Four presenters spoke on the subject of “Global Climate Change and Vulnerabilities: A Perspective for the Future” at the Third Annual Robert Schumann Environmental Studies Symposium, held Saturday in the Exley Science Center.
“We are on an economic path that is environmentally not sustainable over the long term,” said Dr. Lester Brown, the president and founder of the nonprofit, interdisciplinary research organization Earth Policy Institute. As the day’s first presenter, Brown used his expertise to inform the audience of environmental threats to come.
Expanding deserts, rising seas, more intense heat waves and more destructive storms were among the environmental concerns Brown warned the audience of. He presented his vision for a new, environmentally conscious economy that would be powered by renewable sources of energy instead of fossil fuels.
Such economies are already beginning to emerge in many parts of the world, according to Brown. He noted the existence of wind farms that give electricity to 40 million Europeans, solar roofs in Japan that convert sunlight to electricity, and the 93 percent of homes in Iceland that are heated with geothermal energy. He concluded by advocating for political activism in support of these initiatives.
“Lester Brown made all of the climate change problems of our country seem really solvable, through positive movement and change,” said Josh Wood ’10, an Introduction to Environmental Studies student.

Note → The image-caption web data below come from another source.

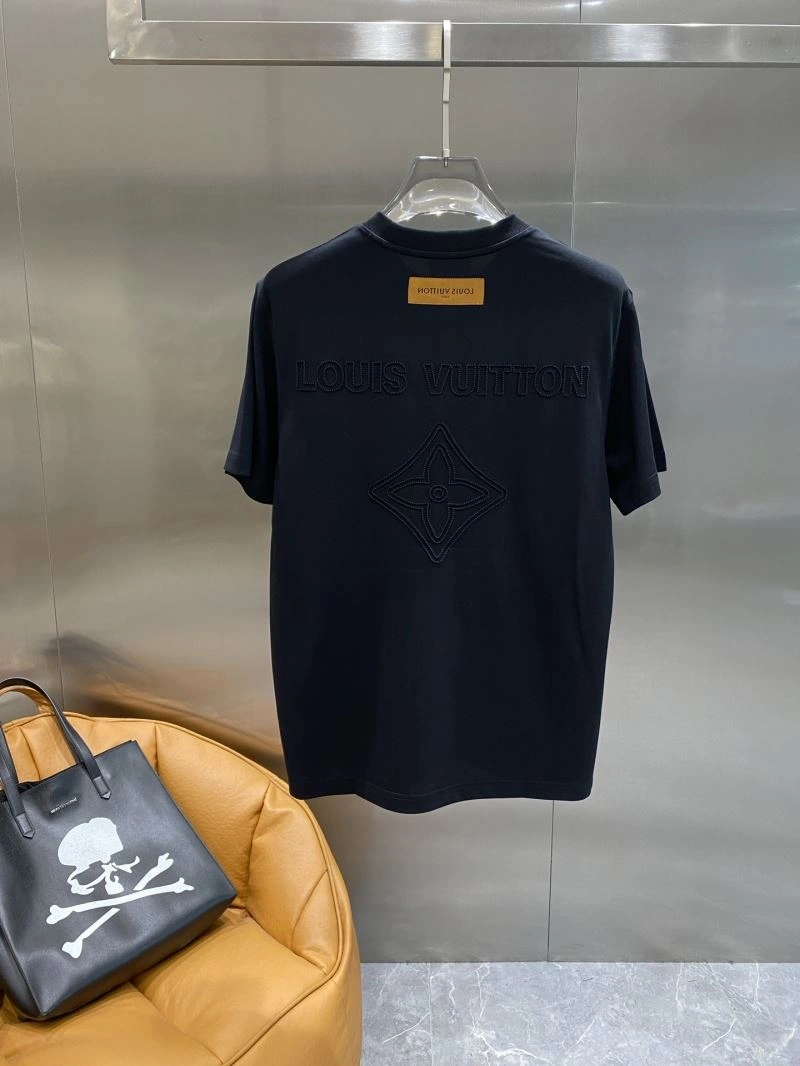 Louis Vuitton T-Shirts Soft 134556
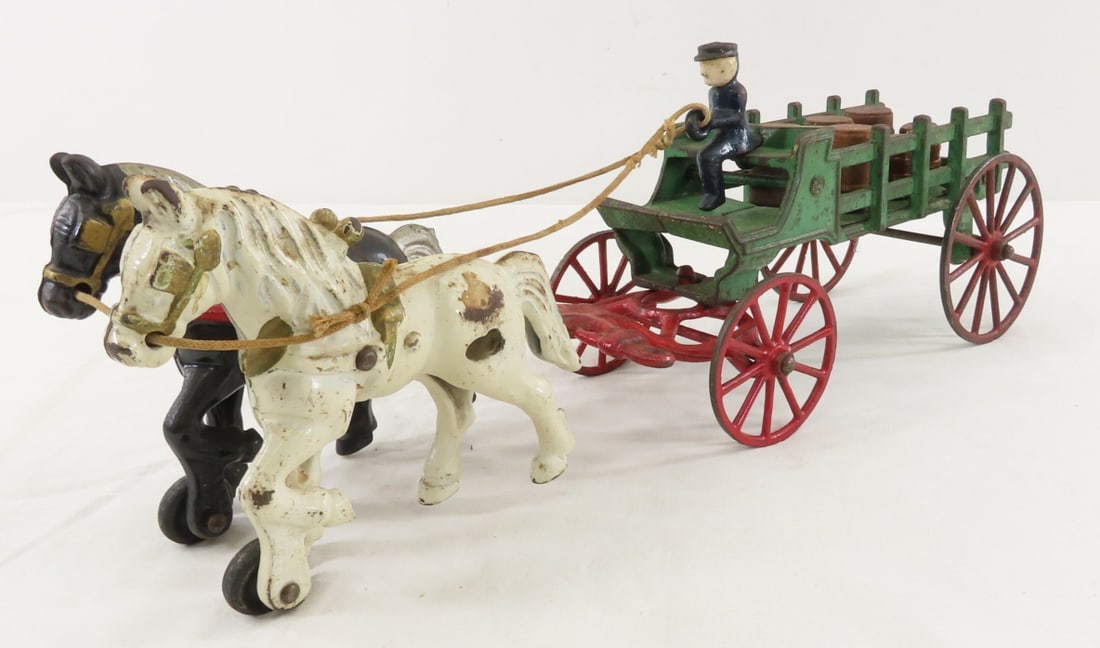 Antique Kenton Cast Iron 2 Horse Wagon: Antique Kenton Cast Iron 2 Horse Wagon - with driver and barrels (not all match). LOT SIZE:15x5x4" 4 LBS All information and photos, which are part of the description, are intended to be as accurate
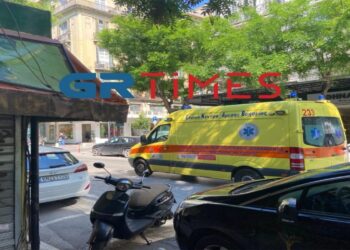 Θεσσαλονίκη: Βουτιά θανάτου έκανε 51χρονη από τον τρίτο όροφο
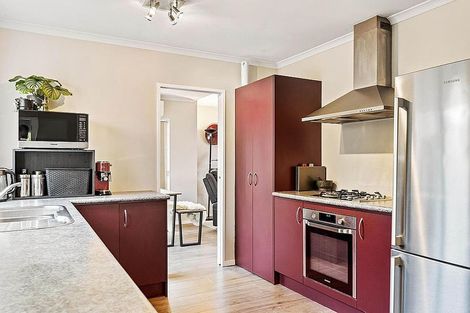 Photo of property in 13 Berkshire Terrace, Massey, Auckland, 0614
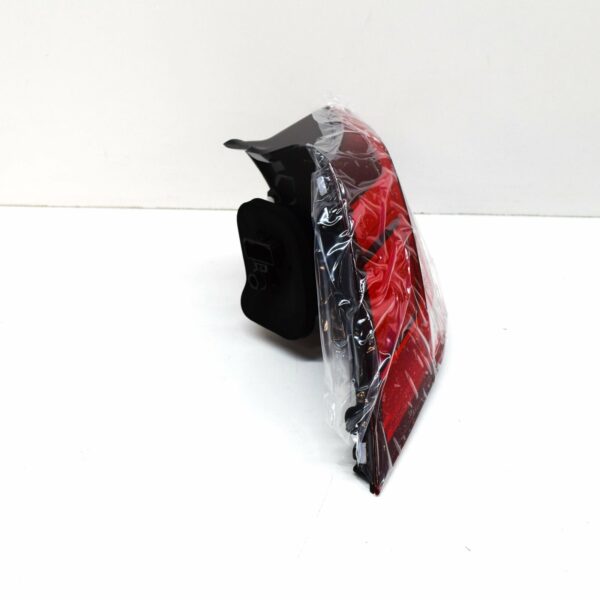 NEW VOLKSWAGEN GOLF MK7 5G REAR LEFT LED OUTER TAILLIGHT 5G0945095Q ORIGINAL - Image 6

The next presenter, epidemiologist and independent consultant Dr. Kristie L. Ebi spoke about the relationship between climate change and human health. Ebi stated that the severity of health impacts from climate change will depend on humans’ capacity to adapt.
“We have a lot of challenges, but we can do it,” Ebi said. “There have been major advances in our ability to say what is going to happen with weather.”
She explained that because climate change cannot be totally avoided, adaptation is especially important in lessening the severity of the impacts of climate variability and extreme events.
Dr. Judith Curry, Professor and Chair of the School of Earth and Atmospheric Sciences at the Georgia Institute of Technology spoke next on the link between global climate change and hurricanes. Curry pointed to a study that showed there has not necessarily been an increase in the actual number of hurricanes that occurred in recent years, but that there was a dramatic increase in the intensity of hurricanes that occurred, which could potentially be attributed to global warming.
Curry concluded by speaking of the need for positive change at the university level, from the state and local governments and from industries as well. She complimented the University for the steps it has taken to educate students about the impacts of climate change, including holding the Environmental Studies Symposium.
The last speaker was Dr. Alaka Wali, director of the Center for Cultural Understanding and Change at the Field Museum of Natural History in Chicago, Ill. Wali’s presentation, “Apocalypse Now or Brave New World? Two Scenarios for Social and Cultural Responses to Global Warming,” took an anthropological view of climate change. She emphasized the importance of communities that sustain and nourish creativity.
“Creativity allows people to invent ingenious solutions to the problems that they face,” Wali said.
The symposium opened with a welcome from University President Doug Bennet and a brief address from Sally Smyth ’07. Both Bennet and Smyth spoke of the emphasis on environmental awareness on campus. Bennet noted the large numbers of non-science majors enrolling in environmental studies courses and the creation of the environmentally high-performing Fauver residences. Smyth remarked that the University’s community tends to push for change at the grass roots level, noting the large number of students who compost, grow food in the student garden, and recycle.
Professor of Economics Gary Yohe, who helped moderate the symposium, made the concluding remarks. All four speakers were then invited to participate in a panel and answer audience members’ questions.